That every animal has been “given every green plant for food” is not an imperative command that every animal must only eat green plants. That is reading INTO the text a point of view that is not implied. Would this exclude animals from eating non-green fruit or brown, yellow or orange roots, since, on your reading, they could ONLY eat green plants?
Catholics are not required to believe that those passages are literal and
Even if they are literal, they certainly aren’t designed to be a science textbook, and so while they may (and in fact do - even if they aren’t literal) give a general overview of how the world works, this purpose is not the same purpose as that of modern science. If modern science disagrees with some particulars (my favorite is “the bile says that pi is 3 isn’t that silly 111!!11!”), I strongly suspect that if the inspired authors were questioned on this they would look at us blankly and say “who cares? That’s not what we were talking about.”
A good example of point 2 in action somewhere other than scripture: some physics text books leave out details or butcher the details of the math behind the physics, and they do this because the differences between what they say about the math and what is true about the math don’t matter for physics, and because while the authors could go into the correct math, that would take up quiet a bit more time and frankly that’s not what they’re trying to talk about. Usually, of course, they point out when they’re doing this, but they do it all the same - I had a Quantum text book that said something like “the objects we will be dealing with aren’t really Hilbert spaces, but we will proceed without caution anyway, because pretending that they are tends to work.”

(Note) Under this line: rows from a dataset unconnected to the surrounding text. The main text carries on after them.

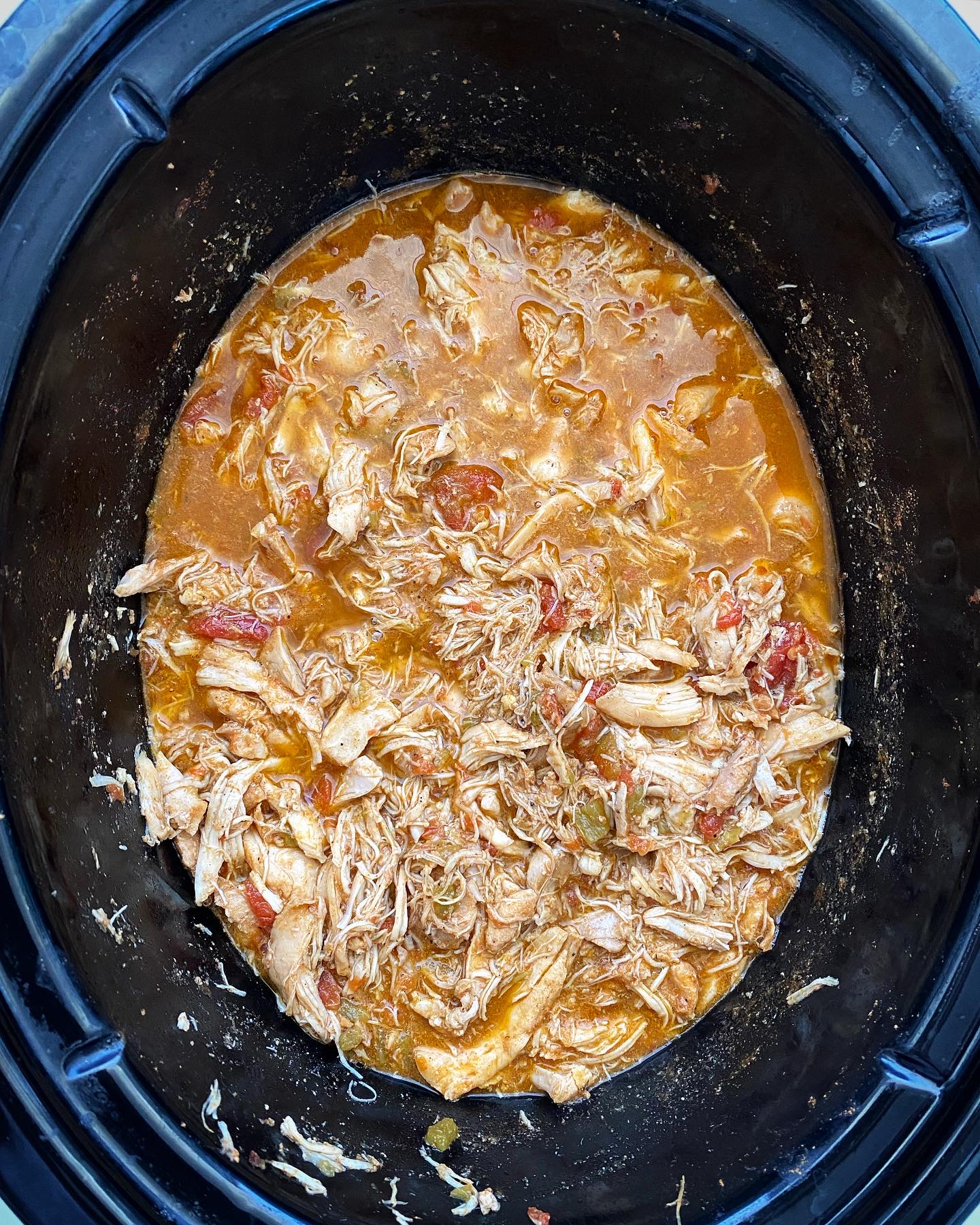overhead shot of easy crockpot chicken tacos in a black slow cooker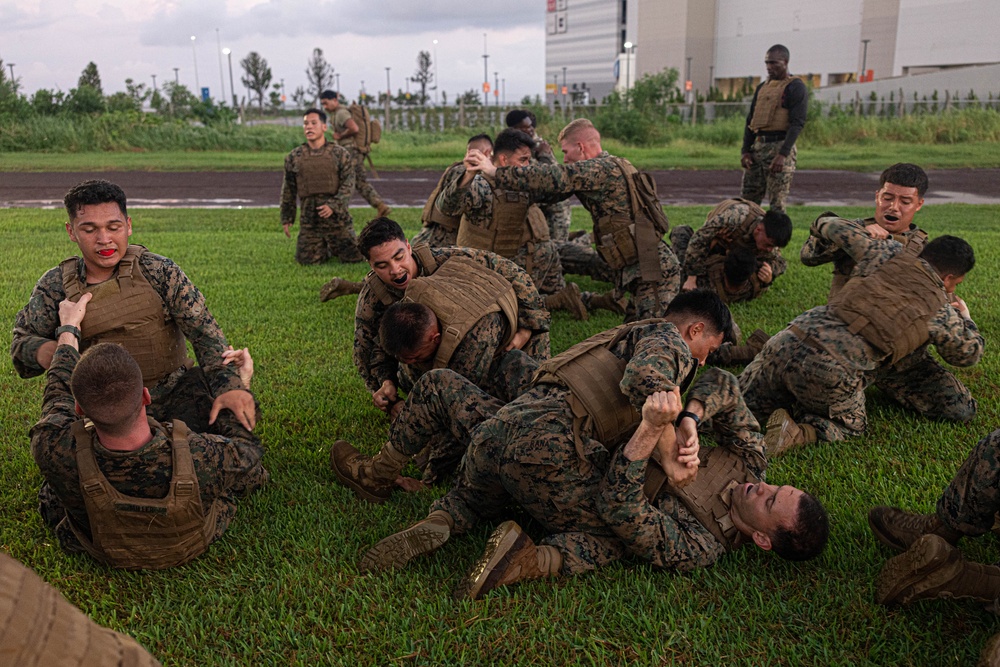 U.S. Marines conduct morning physical training for a Martial Arts Instructor course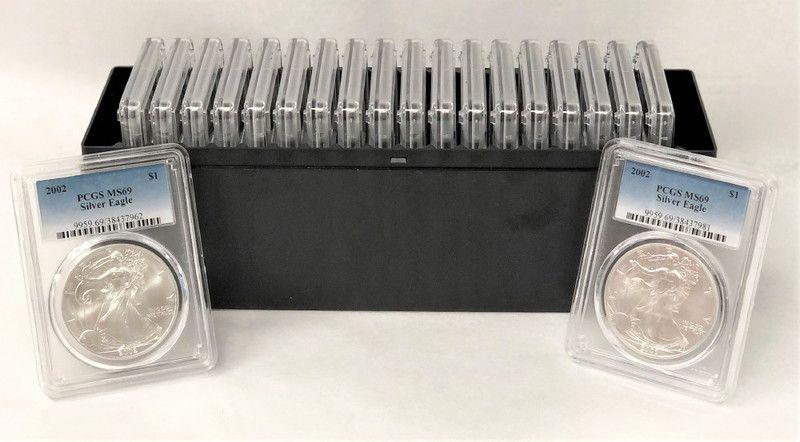 BOX OF (20) MS69 PCGS SILVER EAGLES 2002: BOX OF (20) MS69 PCGS SILVER EAGLES 2002 WINNER OF AUCTION SHALL RECEIVE THE EXACT BOX OF (20) 2002 AMERICAN SILVER EAGLE 1 OZ PCGS MS 69 SHOWN HERE. ALL 20-COINS ARE GRADED BY PCGS, AND ARE IN CONSEC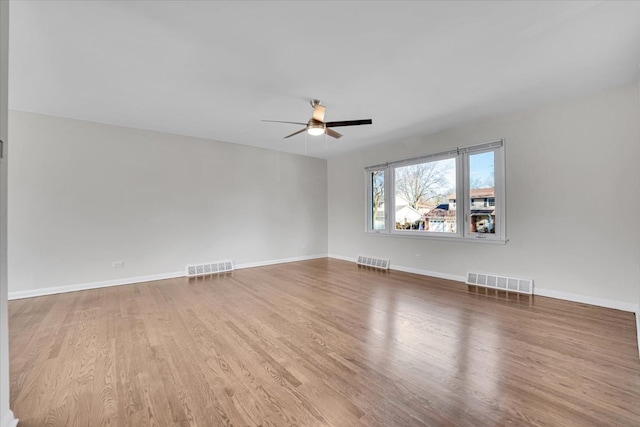 empty room with visible vents, a ceiling fan, and wood finished floors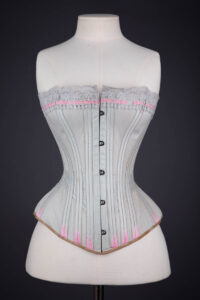 Grey Cotton Corset With Contrast Pink Flossing Embroidery And Lace Ribbon Slot Trim By Fitu Corsets, c. 1900s, Great Britain. The Underpinnings Museum. Photography by Tigz Rice.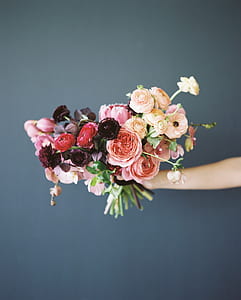 person holding assorted-color flowers thumbnail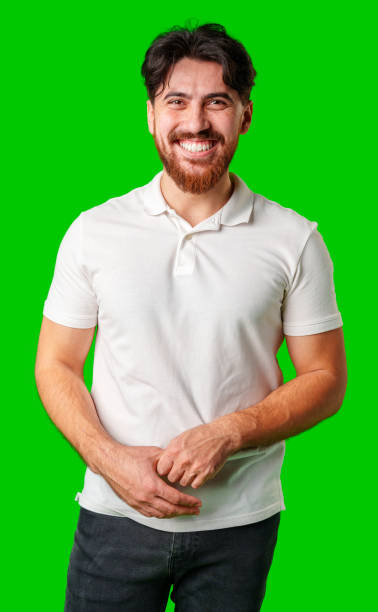 istock A smiling young man with a beard poses against a bright green background 2176595766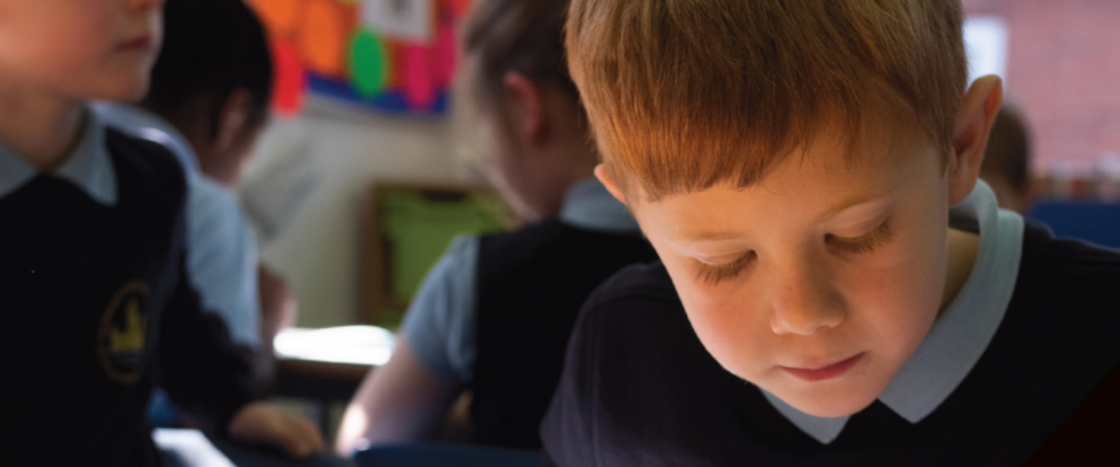 primary school child doing work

But the physics books do need to give some math background, as it is related to the physics. Likewise, scripture can be looked at as a collection of spiritual text books that give some general background on the nature of created things, because in humans the two are related. But that sort of thing isn’t their point, it’s just sort of there so that we can know enough to move on the physics (in the analogy) that they really want to talk about, and so using it as a math (in the analogy) textbook would be ill advised.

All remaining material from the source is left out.